Well, think about this: Ashley's job is to PRESERVE the historic integrity of this wonderful city. How does one do that?
By saying, "No"
That means when people get a permit to "improve" their home in a historic district with glass block windows, she has to tell them that they can't. As it turns out, in a historic district, there's a lot that one can't do. Basically, if you are replacing something, you have to do it with original materials in most contexts. That can be expensive, sometimes prohibitively expensive. Also, it may well be counter to what the homeowner envisioned.
So, Ashley, all too often gets to be the "spoiler". She has to be the bad guy. What kind of fun is that?
In every other business, if you do a good job, for the most part people will be happy with you. Maybe folks will even praise you. Probably not Ashley, though. I imagine that she gets mostly resistance, anger, frustration, outright obstruction, and accusations of bias and unfairness.
And I understand how folks must feel. It's their property, after all, and one usually buys property because one wants all the rights of ownership--not to be told what they can and can't do. Also, folks have to often think it's terribly unfair to be picking nits over the muntins on the windows, when the neighbor is an ugly pre-fabricated pawn shop or a nasty crack house with no gutters at all, let alone wooden box-gutters.

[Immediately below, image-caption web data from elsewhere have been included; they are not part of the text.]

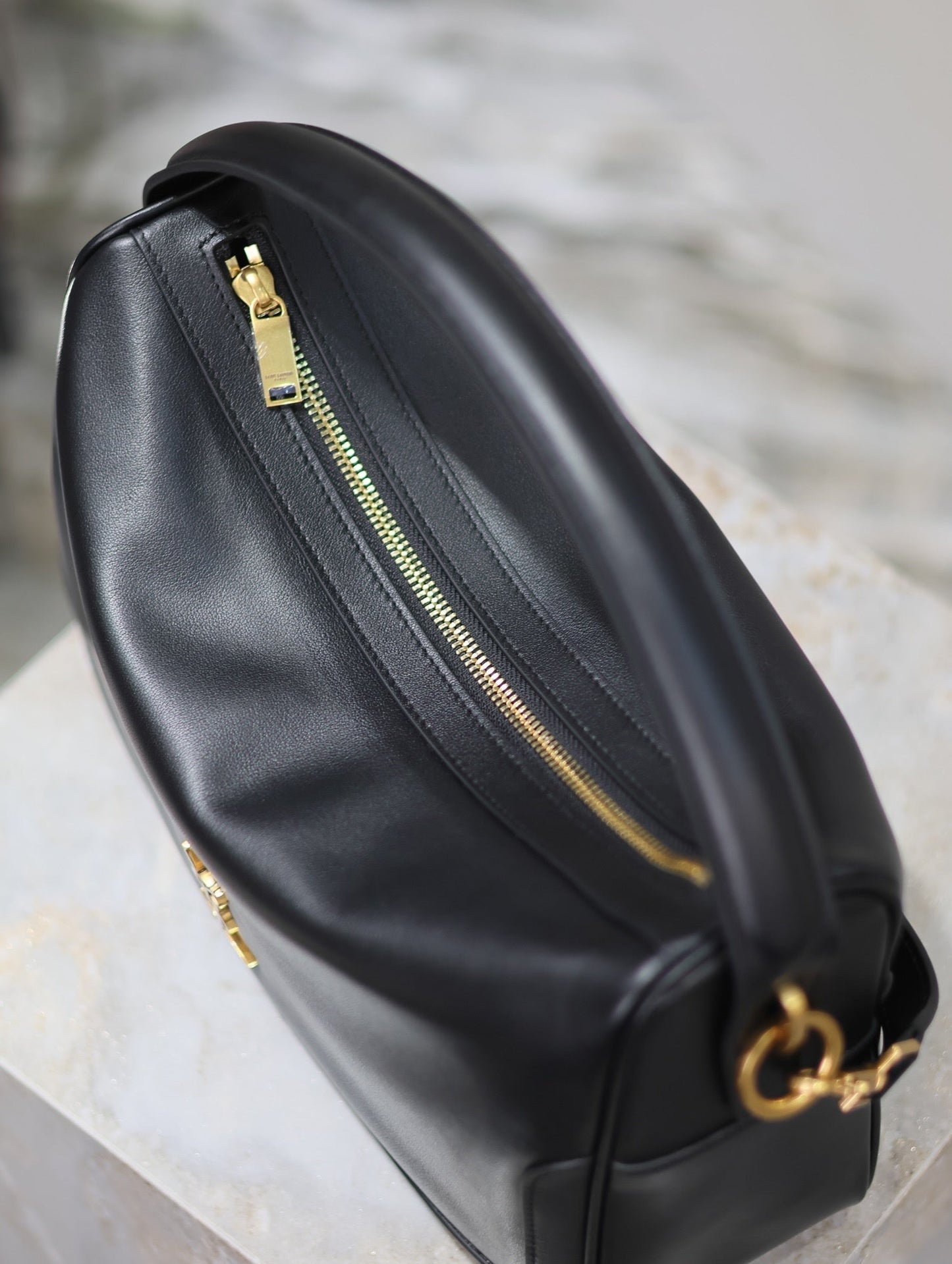 CAMERA SUPPLE BAG 28 IN BLACK SMOOTH LAMBSKIN GOLD HARDWARE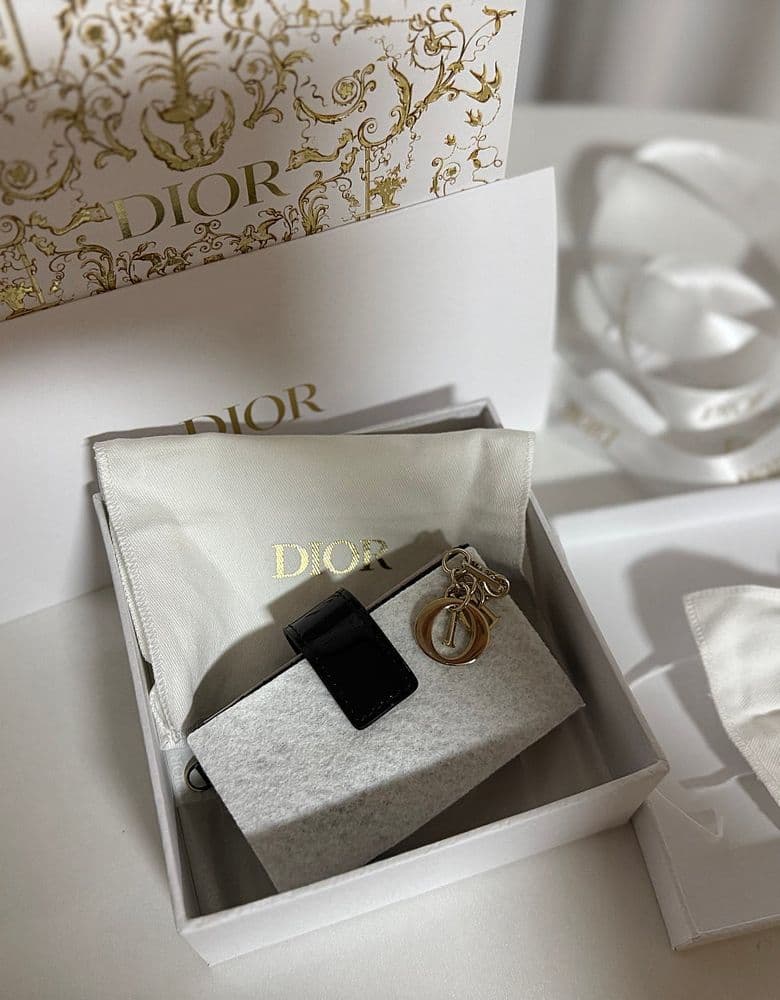 디올 레이디 카드 지갑 페이던트 블랙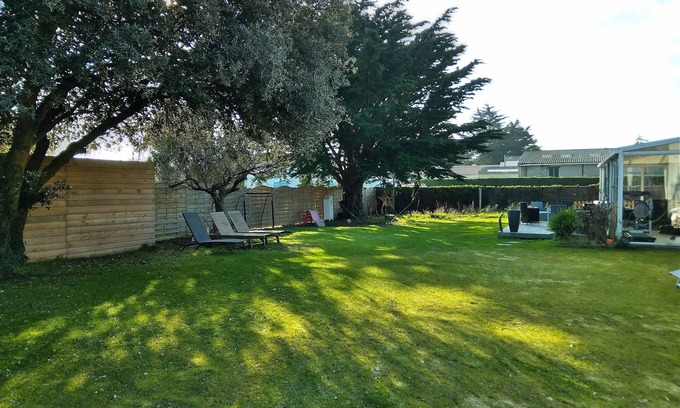 Ile d'Yeu House | Near the harbor and the beach .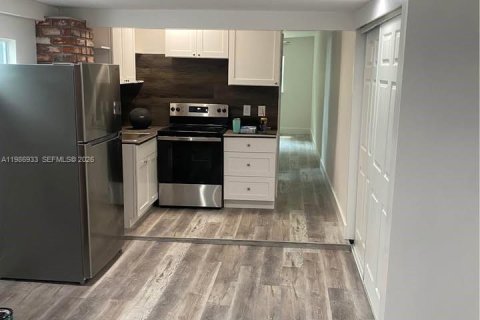 House in Fort Lauderdale, Florida 1 bedroom, 37.16 sq.m. № 2086911 - photo 2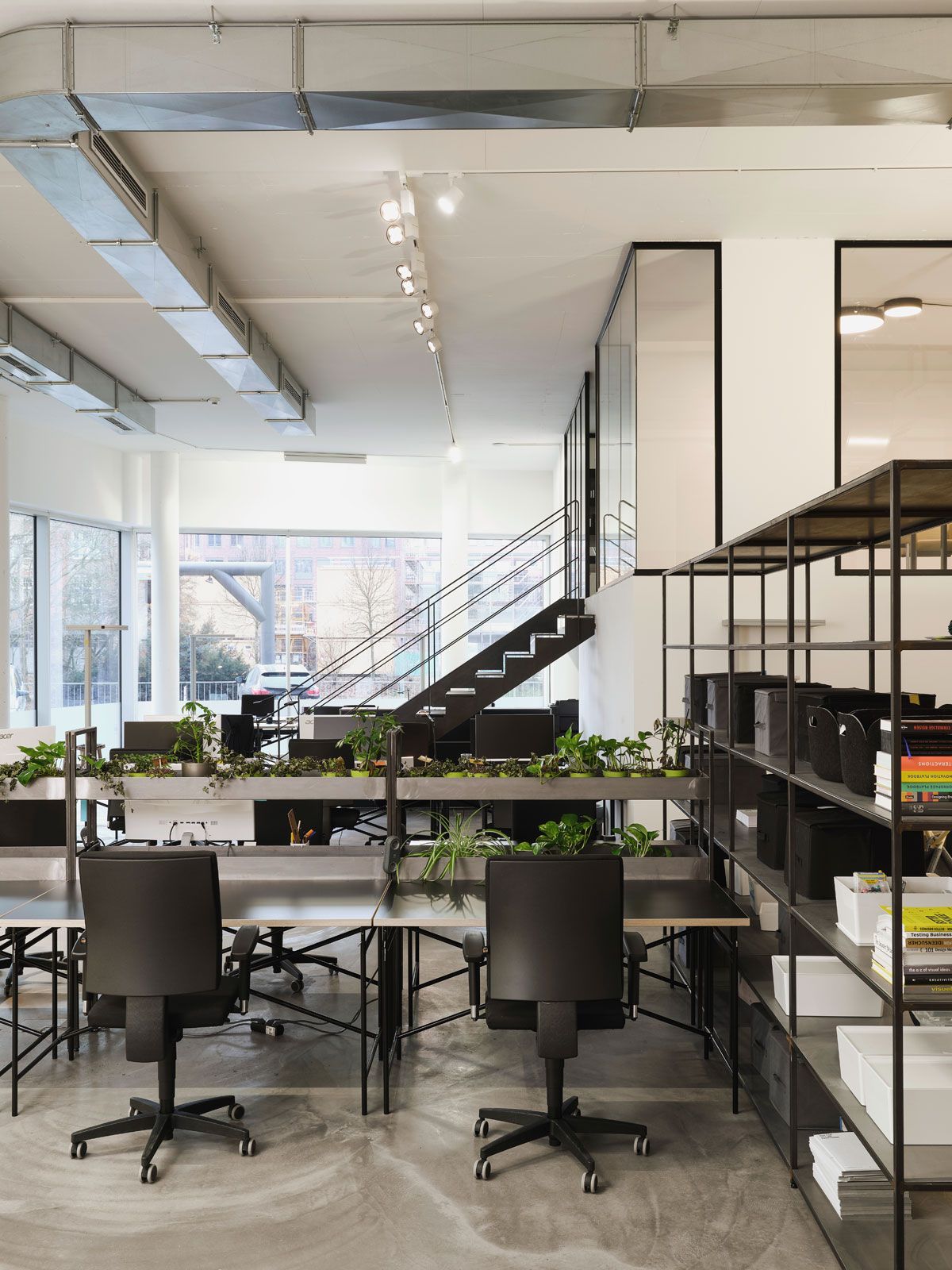 Workspace in Hamburg - Stahlregal aus der Cramer Holzmanufaktur, ergonomische Schreibtischstühle von Wagner, höhenverstellbare Schreibtische aus der Cramer Holzmanufaktur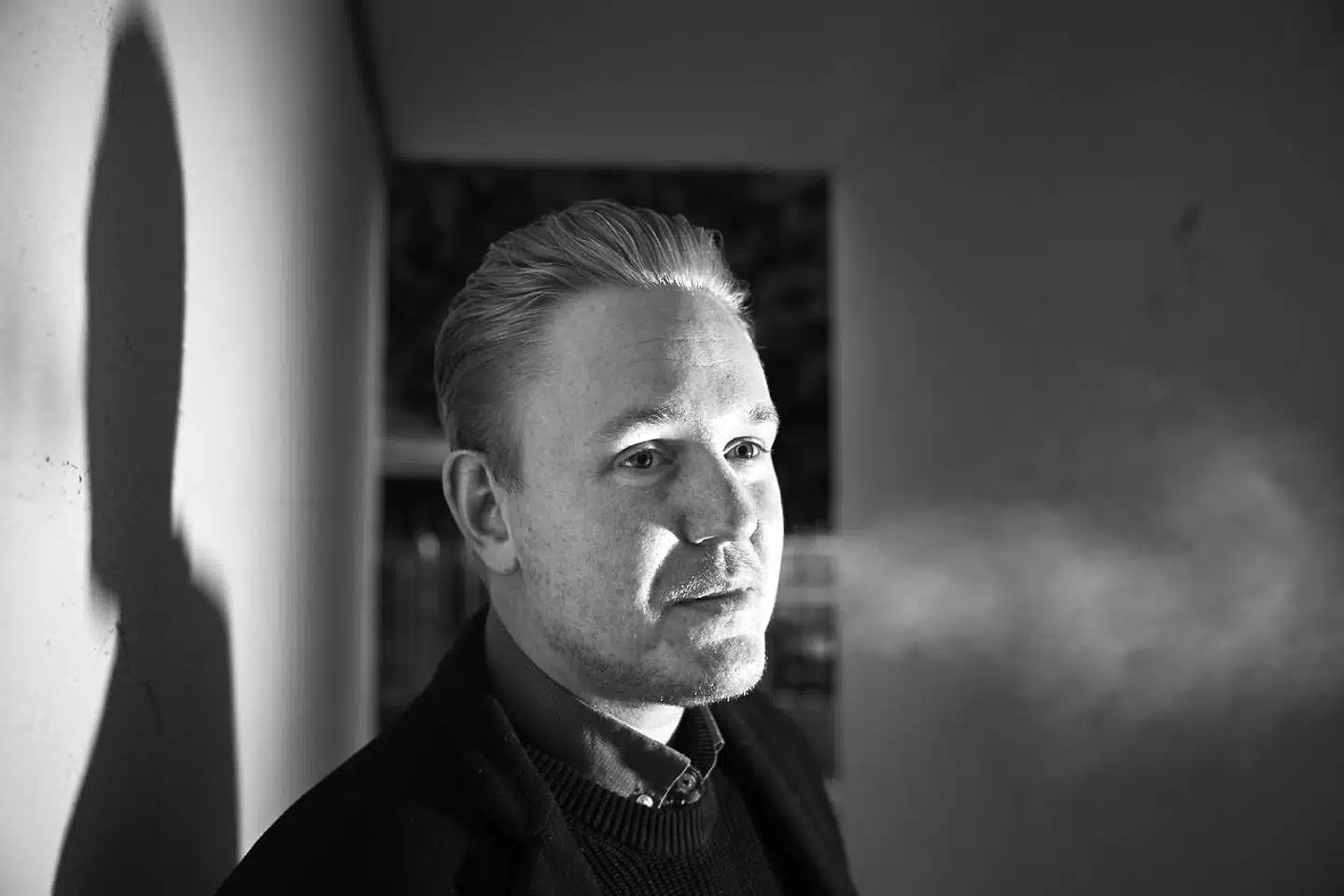 Theis Olsson blev suget ind i gamblingens verden, da han som 16-årig vandt over 100.000 kroner. Flere år senere skulle han tabe 37 gange i streg, før han bad om hjælp.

The thing is, the historic preservation officer only gets to "preserve" in certain instances. New construction in historic zones, major renovations in historic zones, and when city or HUD money is being used on a historic property (and probably one or two other instances that I'm not aware of). They have to use every window of opportunity to try to save the history and integrity of the wonderful architecture of this town, and there aren't that many chances.
The good news is that longer-term, those seemingly horrific intrusions into your property rights have some nice pay-offs. I've seen what happens when the history is preserved in a neighborhood. Drive up and down the Licking Riverside district. In my memory, this area was once pretty scary and it had to have seemed crazy to expend much effort to preserve the history back then. But now, it's still here and mostly restored, and it's a draw. It's beautiful, and it's tougher and longer lasting than many realized. Folks come here just to see the history. Property values are "robust" and that rewards the long suffering home owner. Additionally, often the quality and wisdom of the original materials and design are far superior to anything it might be replaced with.
Also of note, home owners and prospective home owners and rehabbers would be well advised to research their property's status. Is the property in a Historic Overlay Zone? Are there restrictions? Will there be any city or HUD money used? If so, it will make a lot of sense to get in touch with the historic preservation officer. Find out what can be done and what can't be done FIRST, before commitments and plans are made. When you know what you're getting into, it's a lot easier to work with the preservation officer instead of feeling like you're at odds.
And Ashley, there will be legions of future homeowners who will be eternally grateful that the 120 year old, old growth, irreplaceable windows and sashes were saved and preserved. They will have heard their neighbors cursing the cheap vinyl windows that are failing after 10 years and be glad you were here, fighting the good fight. I know I am.